GROW modelini uygulamak için profesyonel bir koç olmanıza veya koçluk yapmak istediğiniz kişinin içinde bulunduğu koşula dair detaylı bir bilgi sahibi olmanıza gerek yok. Koç herhangi bir tavsiye vermiyor, bir yol göstermiyor; yolun bulunmasını kolaylaştıracak sorular soruyor sadece. Aslında bir nevi sokratik yöntem de diyebiliriz.
GROW modelinin detaylarına ve koçluk yaptığımız kişiye hangi adımda ne tarz sorular sorabileceğimize bakalım.
1- Hedef
Öncelikle hedef nedir, yönettiğiniz kişiye bu konuya yönelik sorular sormanız lazım. Eğer hedefiniz bir davranış değişikliği yaratmak ise, ekip üyenizin ulaşmak istediğini davranış şeklini hedef olarak koyması gerekiyor. Bu hedefin ölçülebilir, erişilebilir ve gerçekçi olması da önemli.
Hedefin nedir?
Neden bu hedefe ulaşmak istiyorsun?
Bu hedefe ulaşıldığını nasıl anlayabiliriz?

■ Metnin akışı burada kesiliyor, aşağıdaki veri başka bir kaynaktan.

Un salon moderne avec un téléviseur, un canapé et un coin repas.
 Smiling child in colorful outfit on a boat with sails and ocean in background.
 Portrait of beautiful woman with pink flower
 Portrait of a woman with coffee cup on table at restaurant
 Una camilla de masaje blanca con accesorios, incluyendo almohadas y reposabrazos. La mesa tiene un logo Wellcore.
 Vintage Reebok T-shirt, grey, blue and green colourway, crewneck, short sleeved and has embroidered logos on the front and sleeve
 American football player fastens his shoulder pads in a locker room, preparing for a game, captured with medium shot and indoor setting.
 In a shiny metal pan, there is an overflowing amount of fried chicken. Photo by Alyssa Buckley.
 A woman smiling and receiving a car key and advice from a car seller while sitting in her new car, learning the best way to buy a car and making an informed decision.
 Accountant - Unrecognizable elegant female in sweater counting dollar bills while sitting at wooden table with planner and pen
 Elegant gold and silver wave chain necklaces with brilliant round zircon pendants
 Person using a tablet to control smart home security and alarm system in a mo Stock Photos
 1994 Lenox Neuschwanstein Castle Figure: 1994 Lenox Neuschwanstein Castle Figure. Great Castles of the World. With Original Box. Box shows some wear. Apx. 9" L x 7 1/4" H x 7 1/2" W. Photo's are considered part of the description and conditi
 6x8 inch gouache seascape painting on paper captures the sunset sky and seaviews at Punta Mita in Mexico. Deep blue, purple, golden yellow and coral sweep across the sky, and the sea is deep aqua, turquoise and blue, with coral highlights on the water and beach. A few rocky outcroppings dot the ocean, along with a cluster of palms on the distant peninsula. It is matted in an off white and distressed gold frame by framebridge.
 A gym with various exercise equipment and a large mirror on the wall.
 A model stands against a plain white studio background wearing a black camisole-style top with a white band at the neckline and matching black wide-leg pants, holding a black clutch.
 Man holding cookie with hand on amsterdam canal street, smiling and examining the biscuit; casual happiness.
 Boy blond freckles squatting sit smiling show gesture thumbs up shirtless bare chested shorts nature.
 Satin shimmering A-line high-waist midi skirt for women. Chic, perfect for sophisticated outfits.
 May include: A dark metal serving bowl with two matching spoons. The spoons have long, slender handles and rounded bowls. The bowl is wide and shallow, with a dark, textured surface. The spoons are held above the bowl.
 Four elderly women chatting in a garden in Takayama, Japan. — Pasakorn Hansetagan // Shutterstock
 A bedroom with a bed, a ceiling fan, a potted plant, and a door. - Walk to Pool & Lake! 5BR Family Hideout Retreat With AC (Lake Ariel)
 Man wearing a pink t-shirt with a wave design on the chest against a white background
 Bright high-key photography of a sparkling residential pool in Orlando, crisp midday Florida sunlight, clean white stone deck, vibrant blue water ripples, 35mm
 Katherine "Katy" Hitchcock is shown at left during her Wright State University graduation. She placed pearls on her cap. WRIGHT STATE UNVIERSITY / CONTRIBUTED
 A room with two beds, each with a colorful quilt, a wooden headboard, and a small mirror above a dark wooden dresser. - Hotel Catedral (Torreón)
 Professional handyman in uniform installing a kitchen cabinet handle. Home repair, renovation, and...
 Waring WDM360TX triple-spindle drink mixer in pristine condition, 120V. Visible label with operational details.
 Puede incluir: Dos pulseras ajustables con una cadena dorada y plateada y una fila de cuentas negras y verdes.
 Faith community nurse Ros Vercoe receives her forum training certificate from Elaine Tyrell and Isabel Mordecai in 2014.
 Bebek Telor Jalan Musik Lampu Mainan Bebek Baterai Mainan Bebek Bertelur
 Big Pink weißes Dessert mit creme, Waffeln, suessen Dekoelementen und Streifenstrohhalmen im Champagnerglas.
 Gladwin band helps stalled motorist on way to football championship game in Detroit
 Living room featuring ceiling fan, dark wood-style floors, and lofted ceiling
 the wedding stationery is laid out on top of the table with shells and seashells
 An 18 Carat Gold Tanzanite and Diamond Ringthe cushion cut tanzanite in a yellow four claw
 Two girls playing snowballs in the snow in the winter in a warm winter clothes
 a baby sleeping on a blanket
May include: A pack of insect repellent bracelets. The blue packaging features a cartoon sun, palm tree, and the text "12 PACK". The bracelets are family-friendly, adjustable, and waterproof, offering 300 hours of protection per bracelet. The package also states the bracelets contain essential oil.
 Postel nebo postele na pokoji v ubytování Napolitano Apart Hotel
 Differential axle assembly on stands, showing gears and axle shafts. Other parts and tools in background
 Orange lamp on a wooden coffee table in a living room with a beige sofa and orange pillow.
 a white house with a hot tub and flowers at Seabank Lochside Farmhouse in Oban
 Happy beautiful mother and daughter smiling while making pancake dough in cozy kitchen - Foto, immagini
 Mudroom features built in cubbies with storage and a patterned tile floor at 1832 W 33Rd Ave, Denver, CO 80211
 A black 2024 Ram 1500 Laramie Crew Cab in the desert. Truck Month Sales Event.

Bu hedef kariyer hedeflerin ve ekibin hedefleri ile uyumlu mu?
Tam olarak elde etmek istediğin nedir?
2- Mevcut Gerçeklik
Ardından mevcut gerçekliği tanımlaması için sorular sormalısınız. Kişi içinde bulunduğu koşulları iyice anlamadan sorunu çözmeye çalışırsa başarıyı yakalama şansı düşük olacaktır.
Şu an bu konuda neler oluyor?
Hedefe ulaşmak için attığın adımlar oldu mu? Neler mesela?
Az önce koyduğun hedef farklı hedefler ile çatışıyor mu?
3- Seçenekler
Mevcut durum değerlendirmesi yapıldıktan sonra nelerin mümkün olduğuna dair konuşmaya geçilebilir. Burada hedefe ulaşmak için mümkün olan seçenekleri değerlendirmeye teşvik etmek gerekiyor.
Önünde hangi opsiyonlar var?
Başka ne yapabilirsin?
İlk adımın ne olabilir?
Bu seçeneğin faydaları/zararları neler?
Hedefe ulaşmak için artık yapmayı bırakman gereken davranışlar veya alışkanlıklar var mı?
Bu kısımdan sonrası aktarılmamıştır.